Car contrairement à ce que laisse entendre Emmanuel Macron, une force politique a déjà proposé un amendement en ce sens, et deux propositions de loi. Le Parti socialiste. Le combat, mené par la députée PS de l'Hérault Fanny Dombre-Coste et le sénateur PS de l'Hérault Henri Cabanel, a été lancé de front à l'Assemblée nationale et au Sénat. Henri Cabanel a donc déposé l'amendement à la Chambre haute, supprimé par la Commission des lois du Sénat. Mais la députée a repris le flambeau à l'Assemblée et redéposé l'amendement, finalement voté en dernière lecture. Sauf qu'entre-temps, les parlementaires se sont aperçus que l'amendement était inconstitutionnel.
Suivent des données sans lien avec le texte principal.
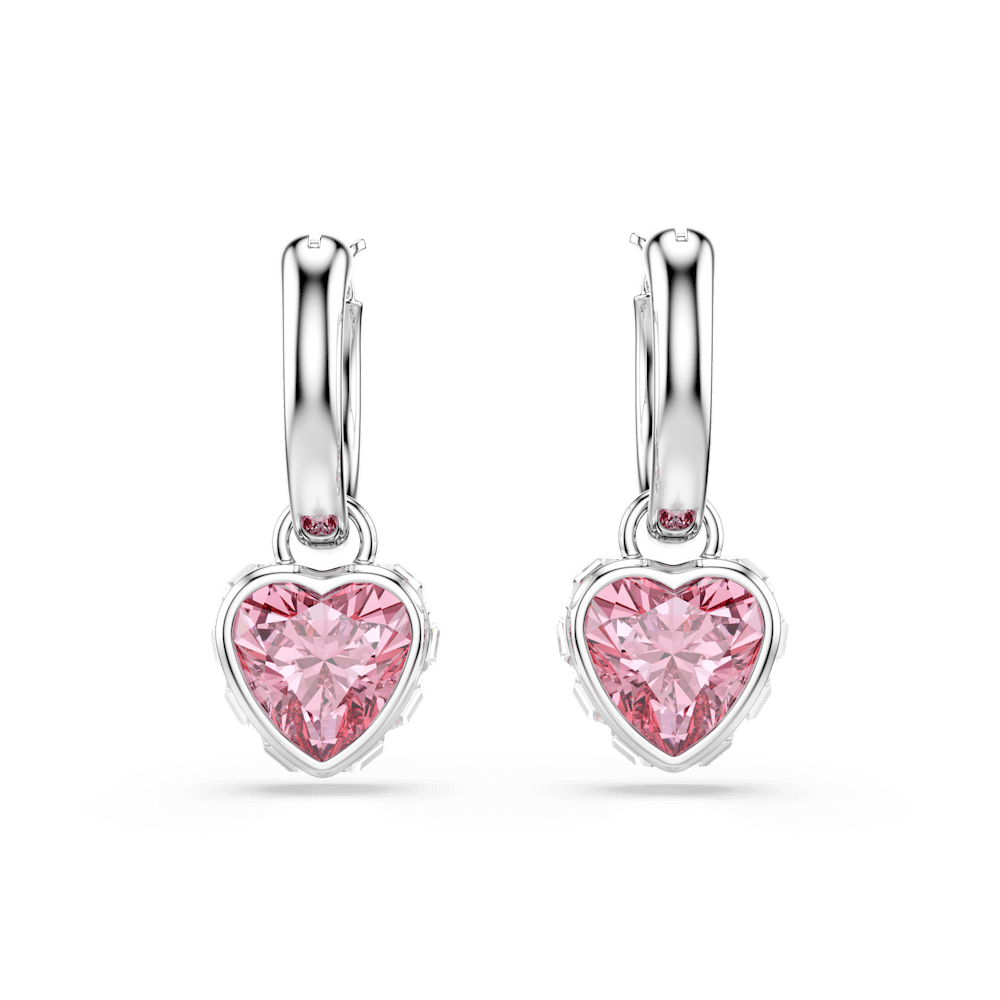 Orecchini pendenti Swarovski Chroma, Cuore, Rosa, Placcato rodio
Il a en effet été retoqué par le Conseil constitutionnel le 8 décembre. Les «sages» ne se sont pas prononcés sur le fond de l'amendement mais l'ont jugé contraire à la Constitution car une loi organique est nécessaire pour toucher à l'inéligibilité des parlementaires.
Deux propositions de loi (une ordinaire pour les candidats à une élection locale et une organique pour les candidats à une élection présidentielle, législative ou sénatoriale) ont donc été déposées à l'Assemblée le 7 décembre. Portées par la députée Dombre-Coste, le premier signataire est Bruno Le Roux. Les candidats à la primaire Benoît Hamon et François De Rugy figurent aussi parmi les signataires de ces deux propositions, qui seront débattues en séance publique le 1er février. En résumé, dans les candidats à la primaire de la gauche : Peillon, Montebourg, Hamon, De Rugy et Bennahmias se sont déjà prononcés sur cette mesure. De l'autre côté du spectre politique, le candidat UPR François Asselineau et Nicolas Dupont-Aignan de Debout La France, réclament eux aussi un casier judiciaire vierge pour les candidats. Emmanuel Macron est pour le renouveau. Mais il n'est pas le seul, loin s'en faut.